Business Recorder (28/01/2026) - ISLAMABAD: The Ministry of Commerce is reportedly weighing the potential impact of the India–European Union (EU) Free Trade Agreement (FTA) on Pakistan’s exports to EU member states.

Well-informed sources told Business Recorder that Pakistan’s embassy in Brussels has shared its analysis of the likely implications of the India–EU trade deal with the government.

“Textiles and garment sector of India will get tariff relief, which are likely to make our exports more competitive.

However, it will take at least another year for the deal to take effect. Our textile exports might get diverted to US due to favourable tariff treatment. Currently India is subjected to almost 10 percent tariff on textiles while we enjoy zero tariff under GSP+,” said an insider.

READ MORE: Dar urges EU firms to exploit Pakistan’s investment potential

The deal is likely to face opposition from EU s civil society if EU lowers its guard on “sustainability” related issues like environment and labour rights

Pakistan Textile Council (PTC) Chairman Fawad Anwar has expressed serious concern over the agreement’s repercussions for Pakistan’s export-oriented textile and apparel sector, warning that the country’s already fragile competitiveness in the EU market now faces an existential threat.

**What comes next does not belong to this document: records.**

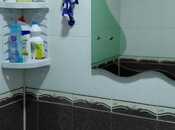 Satılır 1 otaqlı köhnə tikili 36 m², photo 6 from 8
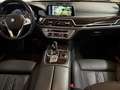 BMW 750 750 d xDrive M-Sport, Laser, Luft, HUD, 360° - thumbnail 15
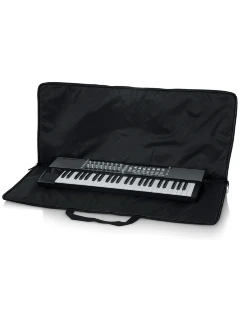 Gator GKBE-49 49 Note Economy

He said Pakistan currently exports approximately USD9 billion worth of goods to the European Union, of which nearly 65 percent consists of value-added textile and apparel products. “Even before the India–EU FTA, Pakistan’s competitive edge over India in the EU market was extremely thin and largely preference-driven. That narrow margin is now at serious risk,” he cautioned.

According to recent trade data, Pakistan’s total textile and apparel exports to the EU stood at USD6.2 billion in 2024, only marginally higher than India’s USD5.6 billion. “This gap was never structural,” Anwar noted. “It existed primarily because Pakistan enjoyed preferential access under GSP Plus, while India faced tariffs of up to 12 percent on apparel.”

“With the India–EU FTA granting zero-duty access to Indian garments across all tariff lines, that advantage has effectively disappeared,” he said. “At the same time, Pakistan’s GSP Plus status is under intense scrutiny, with the possibility of stricter conditions or even withdrawal. The combination of these developments places Pakistan’s EU exports in a highly vulnerable position.”

Anwar emphasized that India is now expected to rapidly expand its EU market share, supported not only by tariff elimination but also by lower energy costs, more competitive wage structures, strong support for man-made fibres and aggressive industrial incentive schemes. “In contrast, Pakistan’s exporters are being squeezed by uncompetitive energy tariffs, rising minimum wages disconnected from productivity, and a heavy and complex tax burden,” he added.

He warned that without immediate corrective measures, Pakistan risks losing hard-earned EU market share, particularly in value-added segments such as knitwear, woven apparel and made-ups, which form the backbone of industrial employment and foreign exchange earnings.

“The government must recognize that this is no longer a future risk — it is a present danger,” Anwar stressed. “If critical cost-of-doing-business issues are not urgently addressed, Pakistan’s $9 billion export relationship with the EU could erode rapidly, with severe consequences for jobs, investment and external account stability.”

The Chairman PTC called upon the Government to immediately: (I) Reduce tax incidence on export-oriented manufacturing; (ii) revisit wage policies to align them with productivity and competitiveness; (iii) rationalize industrial energy tariffs to regional benchmarks; and (iv) adopt an export emergency approach focused on retaining EU market share

“Preferential access alone cannot sustain exports,” he said, adding that without decisive domestic reforms, Pakistan will struggle to compete in a post-FTA EU market where efficiency, scale, and cost competitiveness — not sympathy — will determine sourcing decisions.”